I have read that from Spark 2.4 it would be possible to apply flatten directly on the concatenation of the columns. Something like this:

df.withColumn("concatenation", flatten(array($"colArrayMap1", $"colArrayMap2")))

However I am still with Spark 2.2, so I need to use a udf for that. This is what I wrote:

def flatten_collection(arr: Array[Array[Map[String,String]]]) = {
    if(arr == null)
        null
    else
        arr.flatten
}
  
val flatten_collection_udf = udf(flatten_collection _)

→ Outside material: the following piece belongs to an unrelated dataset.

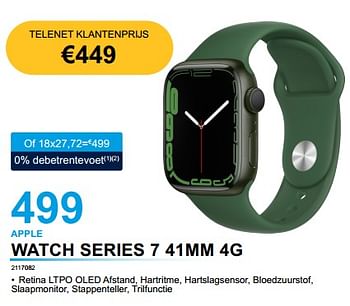 Promoties Apple watch series 7 41mm 4g - Apple - Geldig van 02/02/2023 tot 21/02/2023 bij Auva
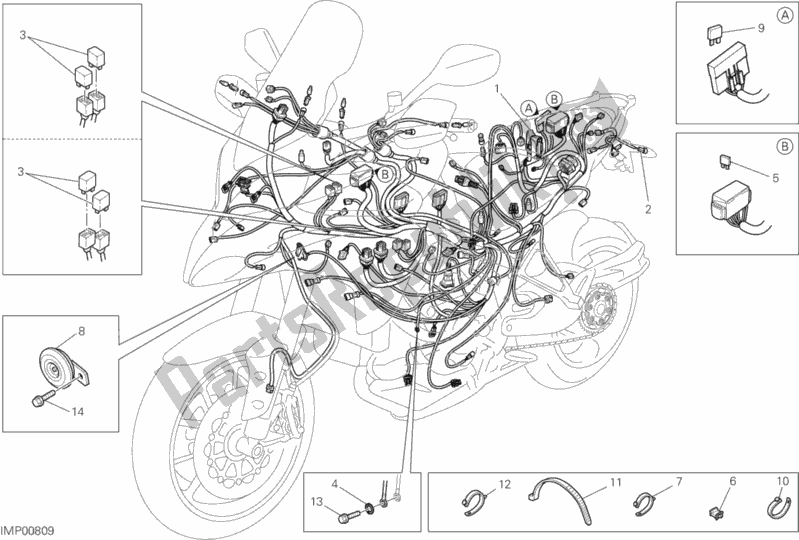 Tutte le parti per il Cablaggio Elettrico del Ducati Multistrada 1200 S Pikes Peak USA 2013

df.withColumn("concatenation", array($"colArrayMap1", $"colArrayMap2")).withColumn("concatenation", flatten_collection_udf($"concatenation")).show(false)

But I am getting the following error:

Caused by: org.apache.spark.SparkException: Failed to execute user defined function($anonfun$1: (array<array<map<string,string>>>) => array<map<string,string>>)
  at org.apache.spark.sql.catalyst.expressions.GeneratedClass$GeneratedIterator.processNext(Unknown Source)
  at org.apache.spark.sql.execution.BufferedRowIterator.hasNext(BufferedRowIterator.java:43)
  at org.apache.spark.sql.execution.WholeStageCodegenExec$$anonfun$8$$anon$1.hasNext(WholeStageCodegenExec.scala:395)
  at org.apache.spark.sql.execution.SparkPlan$$anonfun$2.apply(SparkPlan.scala:234)
  at org.apache.spark.sql.execution.SparkPlan$$anonfun$2.apply(SparkPlan.scala:228)
  at org.apache.spark.rdd.RDD$$anonfun$mapPartitionsInternal$1$$anonfun$apply$25.apply(RDD.scala:835)
  at org.apache.spark.rdd.RDD$$anonfun$mapPartitionsInternal$1$$anonfun$apply$25.apply(RDD.scala:835)
  at org.apache.spark.rdd.MapPartitionsRDD.compute(MapPartitionsRDD.scala:49)
  at org.apache.spark.rdd.RDD.computeOrReadCheckpoint(RDD.scala:323)
  at org.apache.spark.rdd.RDD.iterator(RDD.scala:287)
  at org.apache.spark.scheduler.ResultTask.runTask(ResultTask.scala:87)
  at org.apache.spark.scheduler.Task.run(Task.scala:109)
  at org.apache.spark.executor.Executor$TaskRunner.run(Executor.scala:380)
  at java.util.concurrent.ThreadPoolExecutor.runWorker(ThreadPoolExecutor.java:1142)
  at java.util.concurrent.ThreadPoolExecutor$Worker.run(ThreadPoolExecutor.java:617)
  at java.lang.Thread.run(Thread.java:748)
Caused by: java.lang.ClassCastException: scala.collection.mutable.WrappedArray$ofRef cannot be cast to [[Lscala.collection.immutable.Map;

I assume the cast error is happening in the udf, but why and how to avoid it?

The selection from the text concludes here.